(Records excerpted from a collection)
▶

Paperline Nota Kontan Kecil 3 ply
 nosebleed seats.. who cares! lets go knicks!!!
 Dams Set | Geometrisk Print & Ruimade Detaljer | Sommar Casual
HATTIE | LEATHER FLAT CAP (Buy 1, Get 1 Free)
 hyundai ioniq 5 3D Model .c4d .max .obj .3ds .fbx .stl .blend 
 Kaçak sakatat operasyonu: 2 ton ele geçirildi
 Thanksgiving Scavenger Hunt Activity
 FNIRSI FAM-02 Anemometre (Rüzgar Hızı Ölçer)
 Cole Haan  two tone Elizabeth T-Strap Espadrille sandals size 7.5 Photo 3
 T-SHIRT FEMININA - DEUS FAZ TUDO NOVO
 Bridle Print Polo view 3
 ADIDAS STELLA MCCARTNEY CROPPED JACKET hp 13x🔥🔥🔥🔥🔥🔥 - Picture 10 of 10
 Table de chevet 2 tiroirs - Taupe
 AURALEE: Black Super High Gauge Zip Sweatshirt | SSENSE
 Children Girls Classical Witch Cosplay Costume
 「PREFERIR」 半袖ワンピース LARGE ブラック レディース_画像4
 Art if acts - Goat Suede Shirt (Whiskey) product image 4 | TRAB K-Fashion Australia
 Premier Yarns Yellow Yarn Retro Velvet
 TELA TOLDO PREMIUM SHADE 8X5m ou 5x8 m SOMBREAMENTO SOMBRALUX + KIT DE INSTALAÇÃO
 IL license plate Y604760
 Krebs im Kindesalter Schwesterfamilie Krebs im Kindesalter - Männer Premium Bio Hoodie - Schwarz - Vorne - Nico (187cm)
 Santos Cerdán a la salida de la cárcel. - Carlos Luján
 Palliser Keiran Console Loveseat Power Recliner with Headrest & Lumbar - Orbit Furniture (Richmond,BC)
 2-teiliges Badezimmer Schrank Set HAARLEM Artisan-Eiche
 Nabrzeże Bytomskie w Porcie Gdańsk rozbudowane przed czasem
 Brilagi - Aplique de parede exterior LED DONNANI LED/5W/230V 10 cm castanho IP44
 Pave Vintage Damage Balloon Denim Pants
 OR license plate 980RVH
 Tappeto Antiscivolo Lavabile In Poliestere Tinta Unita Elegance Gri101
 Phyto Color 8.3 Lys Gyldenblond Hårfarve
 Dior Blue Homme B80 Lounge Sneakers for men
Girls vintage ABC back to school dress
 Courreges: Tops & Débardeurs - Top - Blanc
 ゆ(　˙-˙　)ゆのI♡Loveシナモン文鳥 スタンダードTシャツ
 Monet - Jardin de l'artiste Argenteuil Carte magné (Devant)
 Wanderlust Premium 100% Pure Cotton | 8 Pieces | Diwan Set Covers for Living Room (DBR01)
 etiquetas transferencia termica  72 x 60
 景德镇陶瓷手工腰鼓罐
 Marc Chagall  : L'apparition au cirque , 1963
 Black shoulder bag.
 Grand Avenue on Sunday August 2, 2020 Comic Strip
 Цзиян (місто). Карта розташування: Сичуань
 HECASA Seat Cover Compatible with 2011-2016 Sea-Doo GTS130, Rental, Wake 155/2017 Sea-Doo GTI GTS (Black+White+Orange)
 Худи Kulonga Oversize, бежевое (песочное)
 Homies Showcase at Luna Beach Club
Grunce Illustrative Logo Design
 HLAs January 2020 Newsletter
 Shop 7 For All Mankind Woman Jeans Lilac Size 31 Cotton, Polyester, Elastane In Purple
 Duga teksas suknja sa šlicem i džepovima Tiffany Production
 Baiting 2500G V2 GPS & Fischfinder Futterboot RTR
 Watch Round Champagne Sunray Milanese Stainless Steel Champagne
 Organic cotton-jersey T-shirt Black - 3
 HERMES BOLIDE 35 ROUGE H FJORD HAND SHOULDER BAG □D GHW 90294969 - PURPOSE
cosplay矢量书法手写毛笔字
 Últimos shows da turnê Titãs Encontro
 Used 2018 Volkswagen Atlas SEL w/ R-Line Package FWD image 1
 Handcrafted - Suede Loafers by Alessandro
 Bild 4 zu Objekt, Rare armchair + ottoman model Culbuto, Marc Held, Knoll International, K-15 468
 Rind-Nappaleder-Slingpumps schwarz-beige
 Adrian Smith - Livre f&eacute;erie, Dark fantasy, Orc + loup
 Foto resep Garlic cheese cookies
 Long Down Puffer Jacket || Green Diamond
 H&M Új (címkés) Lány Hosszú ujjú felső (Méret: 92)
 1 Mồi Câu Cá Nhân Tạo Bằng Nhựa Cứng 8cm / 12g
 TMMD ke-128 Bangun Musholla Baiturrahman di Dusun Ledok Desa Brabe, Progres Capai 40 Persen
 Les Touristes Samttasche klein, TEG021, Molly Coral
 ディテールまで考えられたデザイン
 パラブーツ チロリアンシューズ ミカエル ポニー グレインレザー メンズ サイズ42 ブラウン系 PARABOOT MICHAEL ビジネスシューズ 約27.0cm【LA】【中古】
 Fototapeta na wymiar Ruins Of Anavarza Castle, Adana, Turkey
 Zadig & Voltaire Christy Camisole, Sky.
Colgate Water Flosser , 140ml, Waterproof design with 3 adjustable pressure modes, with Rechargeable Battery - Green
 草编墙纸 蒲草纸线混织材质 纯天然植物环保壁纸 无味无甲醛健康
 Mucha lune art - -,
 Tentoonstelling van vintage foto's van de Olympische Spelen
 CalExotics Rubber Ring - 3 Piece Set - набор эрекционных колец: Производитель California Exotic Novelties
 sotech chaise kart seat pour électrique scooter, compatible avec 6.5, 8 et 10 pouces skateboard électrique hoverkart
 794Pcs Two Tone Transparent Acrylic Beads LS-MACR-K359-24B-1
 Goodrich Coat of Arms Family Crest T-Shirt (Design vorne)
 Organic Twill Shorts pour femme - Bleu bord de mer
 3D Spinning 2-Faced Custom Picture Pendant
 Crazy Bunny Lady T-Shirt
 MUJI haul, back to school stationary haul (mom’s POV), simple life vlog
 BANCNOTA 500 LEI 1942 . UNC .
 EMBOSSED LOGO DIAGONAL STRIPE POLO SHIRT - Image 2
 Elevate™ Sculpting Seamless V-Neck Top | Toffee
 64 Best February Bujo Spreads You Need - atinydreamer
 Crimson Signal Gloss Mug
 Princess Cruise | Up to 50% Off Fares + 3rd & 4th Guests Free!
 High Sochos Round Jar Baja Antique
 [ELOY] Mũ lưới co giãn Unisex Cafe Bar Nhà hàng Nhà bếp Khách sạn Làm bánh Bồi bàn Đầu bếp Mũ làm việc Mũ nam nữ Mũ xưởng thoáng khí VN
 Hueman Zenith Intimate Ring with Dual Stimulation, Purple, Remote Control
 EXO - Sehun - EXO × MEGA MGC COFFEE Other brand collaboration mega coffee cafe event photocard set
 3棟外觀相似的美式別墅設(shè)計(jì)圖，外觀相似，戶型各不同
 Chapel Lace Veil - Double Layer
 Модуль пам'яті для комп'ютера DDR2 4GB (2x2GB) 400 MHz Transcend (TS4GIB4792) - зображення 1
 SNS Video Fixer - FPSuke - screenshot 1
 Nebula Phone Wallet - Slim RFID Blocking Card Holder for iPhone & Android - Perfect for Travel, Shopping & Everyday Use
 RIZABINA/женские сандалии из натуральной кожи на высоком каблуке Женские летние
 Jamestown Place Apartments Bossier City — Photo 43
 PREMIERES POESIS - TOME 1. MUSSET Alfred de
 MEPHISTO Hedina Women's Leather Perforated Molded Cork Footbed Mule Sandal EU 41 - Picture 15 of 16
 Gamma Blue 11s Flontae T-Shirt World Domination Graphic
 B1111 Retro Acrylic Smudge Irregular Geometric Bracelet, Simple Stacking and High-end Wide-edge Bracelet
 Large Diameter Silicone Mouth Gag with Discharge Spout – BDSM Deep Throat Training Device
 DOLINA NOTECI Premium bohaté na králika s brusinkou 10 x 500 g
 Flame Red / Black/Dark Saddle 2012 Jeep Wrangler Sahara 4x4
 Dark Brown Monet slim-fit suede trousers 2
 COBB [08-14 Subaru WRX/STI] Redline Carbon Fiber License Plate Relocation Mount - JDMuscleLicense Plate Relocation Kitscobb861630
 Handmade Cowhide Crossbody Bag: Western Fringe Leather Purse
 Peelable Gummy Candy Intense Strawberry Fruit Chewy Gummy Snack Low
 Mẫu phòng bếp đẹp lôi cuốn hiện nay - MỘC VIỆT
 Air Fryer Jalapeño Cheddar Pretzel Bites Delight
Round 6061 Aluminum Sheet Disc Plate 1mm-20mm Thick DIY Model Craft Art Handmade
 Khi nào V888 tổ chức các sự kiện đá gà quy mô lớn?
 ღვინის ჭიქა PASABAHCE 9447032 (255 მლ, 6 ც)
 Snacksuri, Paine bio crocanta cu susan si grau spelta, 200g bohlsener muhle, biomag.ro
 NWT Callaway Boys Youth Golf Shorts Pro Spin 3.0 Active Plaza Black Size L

◀

Exercise goal: Nothing but the lines from the one containing "Large Diameter Silicone" through the final line of the data above is to be reproduced, each exactly as written.

Reply:
 Large Diameter Silicone Mouth Gag with Discharge Spout – BDSM Deep Throat Training Device
 DOLINA NOTECI Premium bohaté na králika s brusinkou 10 x 500 g
 Flame Red / Black/Dark Saddle 2012 Jeep Wrangler Sahara 4x4
 Dark Brown Monet slim-fit suede trousers 2
 COBB [08-14 Subaru WRX/STI] Redline Carbon Fiber License Plate Relocation Mount - JDMuscleLicense Plate Relocation Kitscobb861630
 Handmade Cowhide Crossbody Bag: Western Fringe Leather Purse
 Peelable Gummy Candy Intense Strawberry Fruit Chewy Gummy Snack Low
 Mẫu phòng bếp đẹp lôi cuốn hiện nay - MỘC VIỆT
 Air Fryer Jalapeño Cheddar Pretzel Bites Delight
Round 6061 Aluminum Sheet Disc Plate 1mm-20mm Thick DIY Model Craft Art Handmade
 Khi nào V888 tổ chức các sự kiện đá gà quy mô lớn?
 ღვინის ჭიქა PASABAHCE 9447032 (255 მლ, 6 ც)
 Snacksuri, Paine bio crocanta cu susan si grau spelta, 200g bohlsener muhle, biomag.ro
 NWT Callaway Boys Youth Golf Shorts Pro Spin 3.0 Active Plaza Black Size L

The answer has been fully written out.